GIVEN DATA —

★ ★ ★

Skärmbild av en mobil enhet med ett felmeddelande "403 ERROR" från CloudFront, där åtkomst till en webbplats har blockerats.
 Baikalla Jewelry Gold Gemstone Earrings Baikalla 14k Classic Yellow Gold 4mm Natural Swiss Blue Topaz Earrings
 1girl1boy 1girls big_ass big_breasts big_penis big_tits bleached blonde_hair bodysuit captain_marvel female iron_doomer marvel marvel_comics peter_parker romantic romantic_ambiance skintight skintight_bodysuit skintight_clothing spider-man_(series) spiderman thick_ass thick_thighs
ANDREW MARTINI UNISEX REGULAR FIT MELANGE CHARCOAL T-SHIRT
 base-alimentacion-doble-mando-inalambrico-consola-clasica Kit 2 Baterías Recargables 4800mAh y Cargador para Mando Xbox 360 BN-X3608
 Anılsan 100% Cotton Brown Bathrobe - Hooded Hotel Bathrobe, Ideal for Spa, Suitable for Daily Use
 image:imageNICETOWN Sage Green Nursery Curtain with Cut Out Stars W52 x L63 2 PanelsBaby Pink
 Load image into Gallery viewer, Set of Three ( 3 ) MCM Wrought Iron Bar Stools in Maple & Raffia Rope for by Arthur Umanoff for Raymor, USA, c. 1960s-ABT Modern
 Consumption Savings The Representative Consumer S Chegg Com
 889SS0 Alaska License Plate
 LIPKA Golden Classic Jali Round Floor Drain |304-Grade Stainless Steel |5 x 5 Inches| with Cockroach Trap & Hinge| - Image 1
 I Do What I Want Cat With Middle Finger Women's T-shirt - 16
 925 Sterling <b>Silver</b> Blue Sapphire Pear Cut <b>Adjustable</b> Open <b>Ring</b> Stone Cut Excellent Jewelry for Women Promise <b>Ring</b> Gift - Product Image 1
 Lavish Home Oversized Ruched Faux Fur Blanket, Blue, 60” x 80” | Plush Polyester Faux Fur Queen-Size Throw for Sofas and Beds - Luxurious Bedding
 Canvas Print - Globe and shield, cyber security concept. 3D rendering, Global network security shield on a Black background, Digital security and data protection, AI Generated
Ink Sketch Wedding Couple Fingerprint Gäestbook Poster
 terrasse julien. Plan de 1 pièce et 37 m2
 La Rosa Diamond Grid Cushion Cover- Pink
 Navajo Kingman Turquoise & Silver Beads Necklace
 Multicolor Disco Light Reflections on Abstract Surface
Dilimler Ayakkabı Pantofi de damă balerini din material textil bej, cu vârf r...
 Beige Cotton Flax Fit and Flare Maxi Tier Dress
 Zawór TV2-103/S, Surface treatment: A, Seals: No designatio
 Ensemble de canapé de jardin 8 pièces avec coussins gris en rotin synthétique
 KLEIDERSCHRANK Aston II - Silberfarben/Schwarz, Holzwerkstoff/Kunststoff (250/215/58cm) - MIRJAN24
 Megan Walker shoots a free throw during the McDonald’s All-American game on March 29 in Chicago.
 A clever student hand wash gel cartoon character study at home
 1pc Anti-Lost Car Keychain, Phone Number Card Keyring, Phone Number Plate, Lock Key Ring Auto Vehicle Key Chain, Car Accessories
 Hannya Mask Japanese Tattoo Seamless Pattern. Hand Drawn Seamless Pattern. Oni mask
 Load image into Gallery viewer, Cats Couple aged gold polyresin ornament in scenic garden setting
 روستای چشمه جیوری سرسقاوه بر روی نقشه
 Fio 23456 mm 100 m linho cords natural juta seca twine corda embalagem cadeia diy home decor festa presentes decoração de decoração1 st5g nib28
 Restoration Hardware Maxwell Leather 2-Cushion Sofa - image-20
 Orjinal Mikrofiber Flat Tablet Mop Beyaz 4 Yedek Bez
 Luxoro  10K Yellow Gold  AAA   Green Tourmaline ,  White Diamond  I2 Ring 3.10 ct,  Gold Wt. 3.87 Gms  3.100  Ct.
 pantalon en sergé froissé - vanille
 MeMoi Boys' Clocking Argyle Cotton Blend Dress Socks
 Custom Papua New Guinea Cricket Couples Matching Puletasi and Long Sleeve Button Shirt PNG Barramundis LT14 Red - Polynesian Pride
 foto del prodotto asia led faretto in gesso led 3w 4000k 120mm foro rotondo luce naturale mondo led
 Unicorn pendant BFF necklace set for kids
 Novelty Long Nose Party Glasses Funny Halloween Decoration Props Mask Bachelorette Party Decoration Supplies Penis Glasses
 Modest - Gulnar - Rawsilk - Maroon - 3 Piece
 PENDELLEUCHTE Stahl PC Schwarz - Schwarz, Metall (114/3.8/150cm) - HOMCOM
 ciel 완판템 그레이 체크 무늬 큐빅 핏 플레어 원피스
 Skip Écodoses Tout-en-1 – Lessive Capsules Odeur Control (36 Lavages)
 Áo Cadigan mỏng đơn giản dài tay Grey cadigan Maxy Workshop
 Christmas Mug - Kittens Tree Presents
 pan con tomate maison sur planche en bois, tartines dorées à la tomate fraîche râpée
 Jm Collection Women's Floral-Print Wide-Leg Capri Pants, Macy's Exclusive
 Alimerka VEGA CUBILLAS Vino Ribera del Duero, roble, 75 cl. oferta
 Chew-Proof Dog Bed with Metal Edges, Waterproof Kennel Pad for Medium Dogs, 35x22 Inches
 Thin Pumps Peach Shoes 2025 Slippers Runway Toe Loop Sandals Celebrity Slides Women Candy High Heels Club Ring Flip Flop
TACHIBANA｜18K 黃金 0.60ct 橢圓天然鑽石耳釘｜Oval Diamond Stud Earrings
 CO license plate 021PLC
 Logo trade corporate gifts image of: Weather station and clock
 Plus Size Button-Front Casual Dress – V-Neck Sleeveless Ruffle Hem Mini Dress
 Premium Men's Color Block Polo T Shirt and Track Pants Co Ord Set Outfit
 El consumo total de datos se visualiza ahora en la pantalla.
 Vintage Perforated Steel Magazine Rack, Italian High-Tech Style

★ ★ ★

EXERCISE —
Extract the full listing above without altering anything.

SOLUTION —
Skärmbild av en mobil enhet med ett felmeddelande "403 ERROR" från CloudFront, där åtkomst till en webbplats har blockerats.
 Baikalla Jewelry Gold Gemstone Earrings Baikalla 14k Classic Yellow Gold 4mm Natural Swiss Blue Topaz Earrings
 1girl1boy 1girls big_ass big_breasts big_penis big_tits bleached blonde_hair bodysuit captain_marvel female iron_doomer marvel marvel_comics peter_parker romantic romantic_ambiance skintight skintight_bodysuit skintight_clothing spider-man_(series) spiderman thick_ass thick_thighs
ANDREW MARTINI UNISEX REGULAR FIT MELANGE CHARCOAL T-SHIRT
 base-alimentacion-doble-mando-inalambrico-consola-clasica Kit 2 Baterías Recargables 4800mAh y Cargador para Mando Xbox 360 BN-X3608
 Anılsan 100% Cotton Brown Bathrobe - Hooded Hotel Bathrobe, Ideal for Spa, Suitable for Daily Use
 image:imageNICETOWN Sage Green Nursery Curtain with Cut Out Stars W52 x L63 2 PanelsBaby Pink
 Load image into Gallery viewer, Set of Three ( 3 ) MCM Wrought Iron Bar Stools in Maple & Raffia Rope for by Arthur Umanoff for Raymor, USA, c. 1960s-ABT Modern
 Consumption Savings The Representative Consumer S Chegg Com
 889SS0 Alaska License Plate
 LIPKA Golden Classic Jali Round Floor Drain |304-Grade Stainless Steel |5 x 5 Inches| with Cockroach Trap & Hinge| - Image 1
 I Do What I Want Cat With Middle Finger Women's T-shirt - 16
 925 Sterling <b>Silver</b> Blue Sapphire Pear Cut <b>Adjustable</b> Open <b>Ring</b> Stone Cut Excellent Jewelry for Women Promise <b>Ring</b> Gift - Product Image 1
 Lavish Home Oversized Ruched Faux Fur Blanket, Blue, 60” x 80” | Plush Polyester Faux Fur Queen-Size Throw for Sofas and Beds - Luxurious Bedding
 Canvas Print - Globe and shield, cyber security concept. 3D rendering, Global network security shield on a Black background, Digital security and data protection, AI Generated
Ink Sketch Wedding Couple Fingerprint Gäestbook Poster
 terrasse julien. Plan de 1 pièce et 37 m2
 La Rosa Diamond Grid Cushion Cover- Pink
 Navajo Kingman Turquoise & Silver Beads Necklace
 Multicolor Disco Light Reflections on Abstract Surface
Dilimler Ayakkabı Pantofi de damă balerini din material textil bej, cu vârf r...
 Beige Cotton Flax Fit and Flare Maxi Tier Dress
 Zawór TV2-103/S, Surface treatment: A, Seals: No designatio
 Ensemble de canapé de jardin 8 pièces avec coussins gris en rotin synthétique
 KLEIDERSCHRANK Aston II - Silberfarben/Schwarz, Holzwerkstoff/Kunststoff (250/215/58cm) - MIRJAN24
 Megan Walker shoots a free throw during the McDonald’s All-American game on March 29 in Chicago.
 A clever student hand wash gel cartoon character study at home
 1pc Anti-Lost Car Keychain, Phone Number Card Keyring, Phone Number Plate, Lock Key Ring Auto Vehicle Key Chain, Car Accessories
 Hannya Mask Japanese Tattoo Seamless Pattern. Hand Drawn Seamless Pattern. Oni mask
 Load image into Gallery viewer, Cats Couple aged gold polyresin ornament in scenic garden setting
 روستای چشمه جیوری سرسقاوه بر روی نقشه
 Fio 23456 mm 100 m linho cords natural juta seca twine corda embalagem cadeia diy home decor festa presentes decoração de decoração1 st5g nib28
 Restoration Hardware Maxwell Leather 2-Cushion Sofa - image-20
 Orjinal Mikrofiber Flat Tablet Mop Beyaz 4 Yedek Bez
 Luxoro  10K Yellow Gold  AAA   Green Tourmaline ,  White Diamond  I2 Ring 3.10 ct,  Gold Wt. 3.87 Gms  3.100  Ct.
 pantalon en sergé froissé - vanille
 MeMoi Boys' Clocking Argyle Cotton Blend Dress Socks
 Custom Papua New Guinea Cricket Couples Matching Puletasi and Long Sleeve Button Shirt PNG Barramundis LT14 Red - Polynesian Pride
 foto del prodotto asia led faretto in gesso led 3w 4000k 120mm foro rotondo luce naturale mondo led
 Unicorn pendant BFF necklace set for kids
 Novelty Long Nose Party Glasses Funny Halloween Decoration Props Mask Bachelorette Party Decoration Supplies Penis Glasses
 Modest - Gulnar - Rawsilk - Maroon - 3 Piece
 PENDELLEUCHTE Stahl PC Schwarz - Schwarz, Metall (114/3.8/150cm) - HOMCOM
 ciel 완판템 그레이 체크 무늬 큐빅 핏 플레어 원피스
 Skip Écodoses Tout-en-1 – Lessive Capsules Odeur Control (36 Lavages)
 Áo Cadigan mỏng đơn giản dài tay Grey cadigan Maxy Workshop
 Christmas Mug - Kittens Tree Presents
 pan con tomate maison sur planche en bois, tartines dorées à la tomate fraîche râpée
 Jm Collection Women's Floral-Print Wide-Leg Capri Pants, Macy's Exclusive
 Alimerka VEGA CUBILLAS Vino Ribera del Duero, roble, 75 cl. oferta
 Chew-Proof Dog Bed with Metal Edges, Waterproof Kennel Pad for Medium Dogs, 35x22 Inches
 Thin Pumps Peach Shoes 2025 Slippers Runway Toe Loop Sandals Celebrity Slides Women Candy High Heels Club Ring Flip Flop
TACHIBANA｜18K 黃金 0.60ct 橢圓天然鑽石耳釘｜Oval Diamond Stud Earrings
 CO license plate 021PLC
 Logo trade corporate gifts image of: Weather station and clock
 Plus Size Button-Front Casual Dress – V-Neck Sleeveless Ruffle Hem Mini Dress
 Premium Men's Color Block Polo T Shirt and Track Pants Co Ord Set Outfit
 El consumo total de datos se visualiza ahora en la pantalla.
 Vintage Perforated Steel Magazine Rack, Italian High-Tech Style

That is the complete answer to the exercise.